Rabobank’s Michael Every says US economic statecraft bolsters the dollar via Iraq shipment suspensions and new swaps

    by VT Markets
    /
    Apr 23, 2026

    The US has suspended dollar shipments to Iraq and frozen military security co-operation programmes. These steps aim to pressure Baghdad to act against Iranian militias operating in Iraq.

    US Treasury Secretary Bessent said several Gulf and Asian allies, not only the UAE, have requested dollar swap lines. This suggests possible new channels for USD liquidity outside long-standing partner groups.

    Traditional FX reference pairs such as EUR/USD, GBP/USD and USD/JPY are described as becoming less central to market focus. The shift is linked to a global economy more tied to resources, industrial production and AI.

    The approach widens the list of possible swap line recipients beyond the UK, Europe and Japan. It frames USD support more around US policy choices rather than shared global arrangements.

    The final outcome of these measures is described as unclear. The text notes potential economic effects could follow.

    The article states it was produced with the help of an AI tool and reviewed by an editor.

    We are seeing that traditional currency benchmarks like EUR/USD are losing their predictive power. US policy actions, such as the recently expanded dollar swap lines to key Gulf and Asian allies, are now the primary drivers of dollar strength. This means our focus must shift from pure economic data to geopolitical strategy.

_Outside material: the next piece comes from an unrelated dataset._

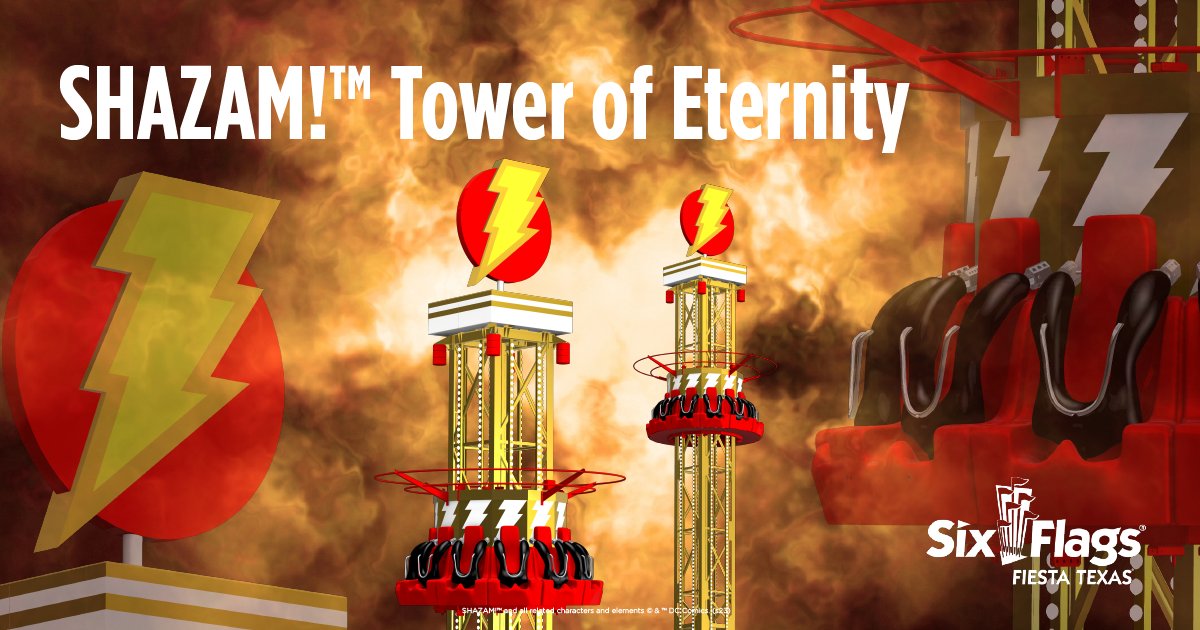 SF_FiestaTexas's tweet photo. 🚨Breaking News🚨Get ready to experience a whole new level of thrills and adventure! Introducing our THREE mind-blowing attractions for 2024! CYBORG™ Cyber Revolution, SHAZAM!™ Tower of Eternity , and METROPOLIS Transit Authority. 
https://t.co/OeE1TVHgT3
#SixFlagsFiestaTexas https://t.co/D8r157JLik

    The impact is clear in the volatility markets, where currency volatility indices have remained elevated by 15% above their 2025 average throughout early 2026. For example, last week’s tensions in the South China Sea saw the dollar strengthen against a basket of currencies even as US bond yields fell. This disconnect highlights that the dollar is trading more on strategic safe-haven demand than on economic performance.

    We saw the seeds of this shift back in 2025, when discussions around de-dollarization were common. However, US economic statecraft has effectively countered this by selectively providing dollar liquidity to strategic partners, solidifying the dollar’s central role. This has created a divide, where nations aligned with US interests have stable dollar access while others face heightened uncertainty.

    For derivative traders, this suggests that long-volatility strategies on major pairs could be profitable, as political announcements will continue to create sharp, unpredictable moves. Furthermore, positioning in currencies of resource-producing nations may offer better opportunities than trading the legacy G3 currencies. The recent 12% surge in copper futures following the announcement of a new industrial partnership with an Asian ally underscores this direct link between statecraft and commodity flows.

    In this environment, our models must prioritize industrial production figures and supply chain security over traditional inflation or employment numbers. The value of the dollar is increasingly being determined by which nations can secure resources and produce essential goods. Therefore, anticipating the next US strategic move is now more critical than forecasting the next central bank decision.